### Task to complete
Among the entries below, only the lines from the one with "Petface Ensemble Balles" through the one with "The Kooples F" are to be retyped, exactly and without pictures.

### Input material
· · · · ·

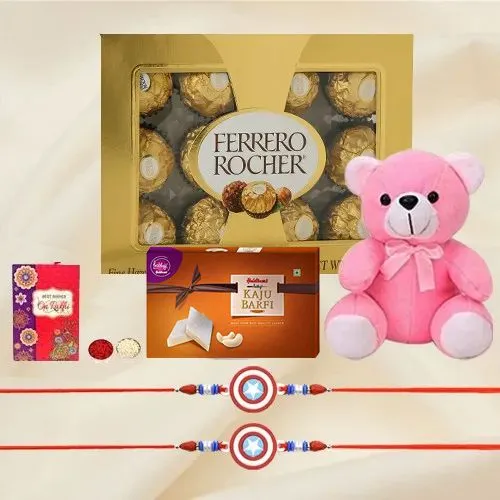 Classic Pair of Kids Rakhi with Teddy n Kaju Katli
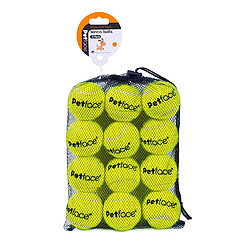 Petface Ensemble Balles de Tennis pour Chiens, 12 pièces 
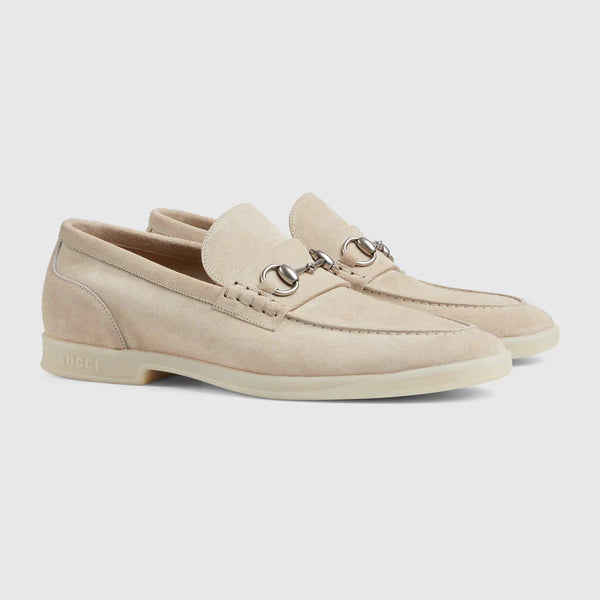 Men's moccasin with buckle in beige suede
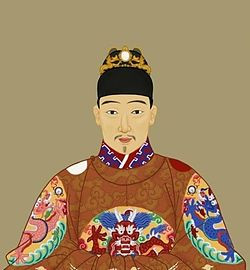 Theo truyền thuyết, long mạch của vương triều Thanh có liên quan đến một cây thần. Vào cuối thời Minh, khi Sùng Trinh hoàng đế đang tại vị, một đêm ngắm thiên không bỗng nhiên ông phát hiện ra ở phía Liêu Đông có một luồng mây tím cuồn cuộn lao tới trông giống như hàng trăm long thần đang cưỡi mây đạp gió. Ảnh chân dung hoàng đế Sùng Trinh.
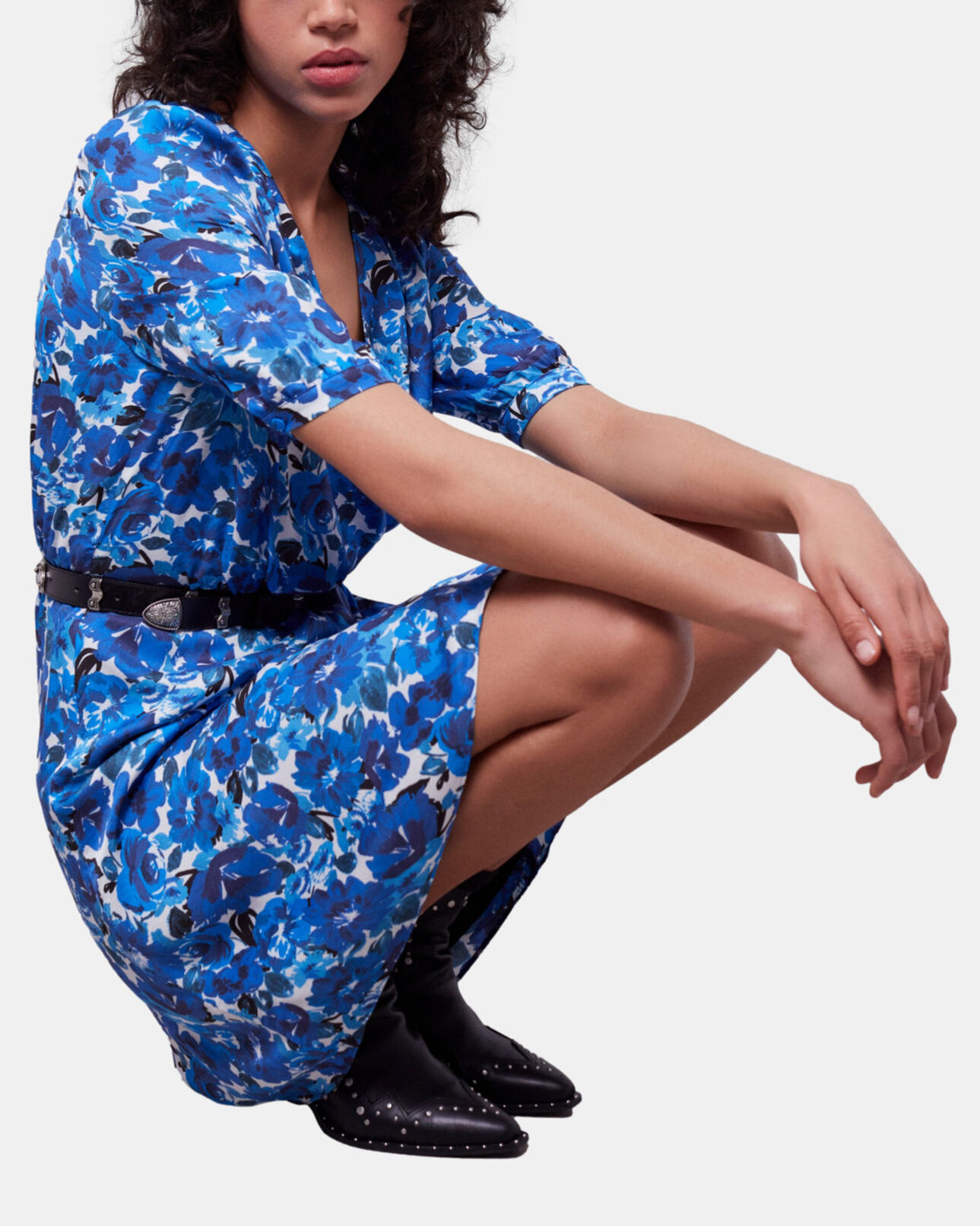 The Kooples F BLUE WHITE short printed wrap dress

· · · · ·

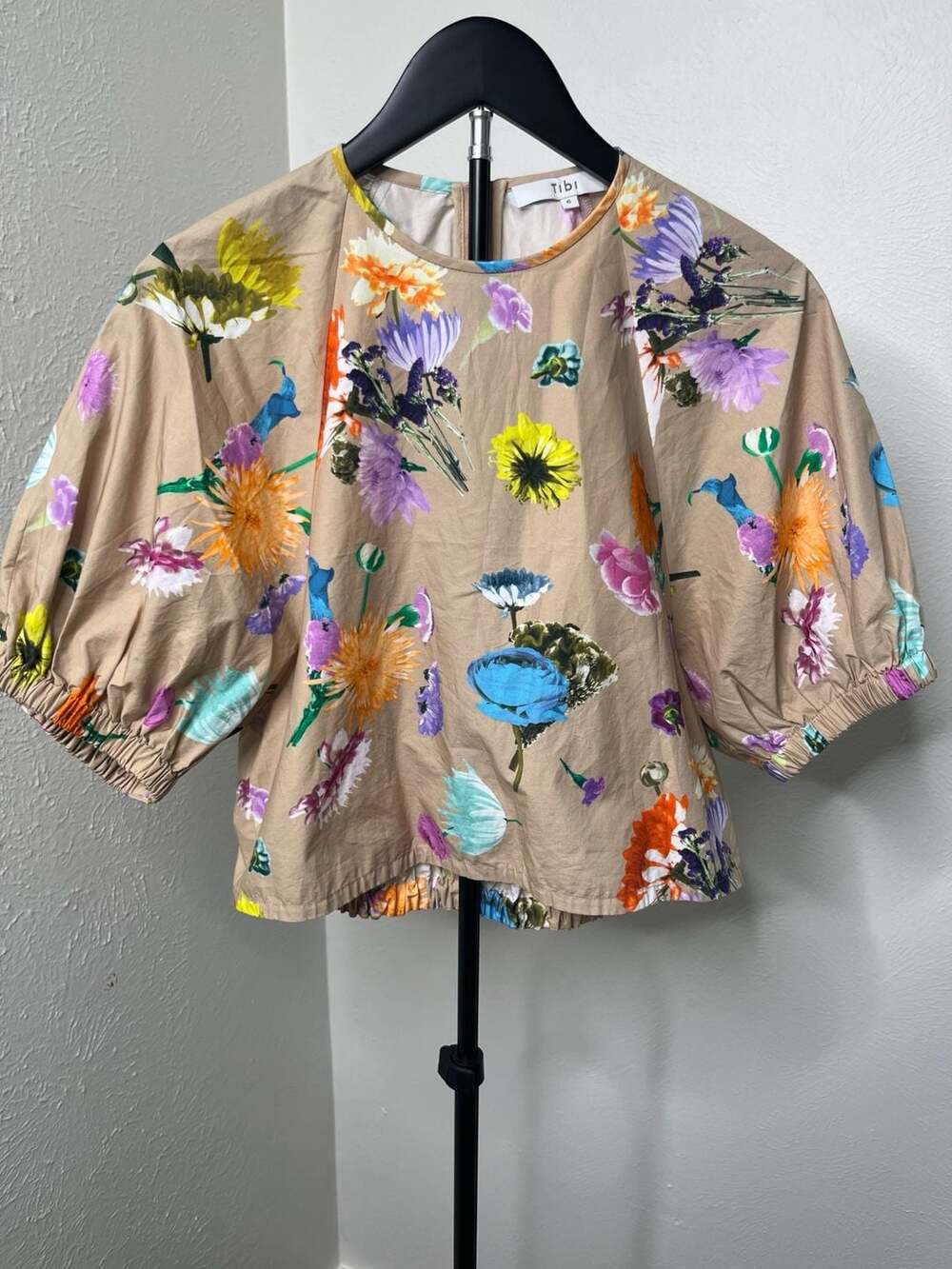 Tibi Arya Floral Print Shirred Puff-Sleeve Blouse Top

· · · · ·

### Reply
 Petface Ensemble Balles de Tennis pour Chiens, 12 pièces 
 Men's moccasin with buckle in beige suede
 Theo truyền thuyết, long mạch của vương triều Thanh có liên quan đến một cây thần. Vào cuối thời Minh, khi Sùng Trinh hoàng đế đang tại vị, một đêm ngắm thiên không bỗng nhiên ông phát hiện ra ở phía Liêu Đông có một luồng mây tím cuồn cuộn lao tới trông giống như hàng trăm long thần đang cưỡi mây đạp gió. Ảnh chân dung hoàng đế Sùng Trinh.
 The Kooples F BLUE WHITE short printed wrap dress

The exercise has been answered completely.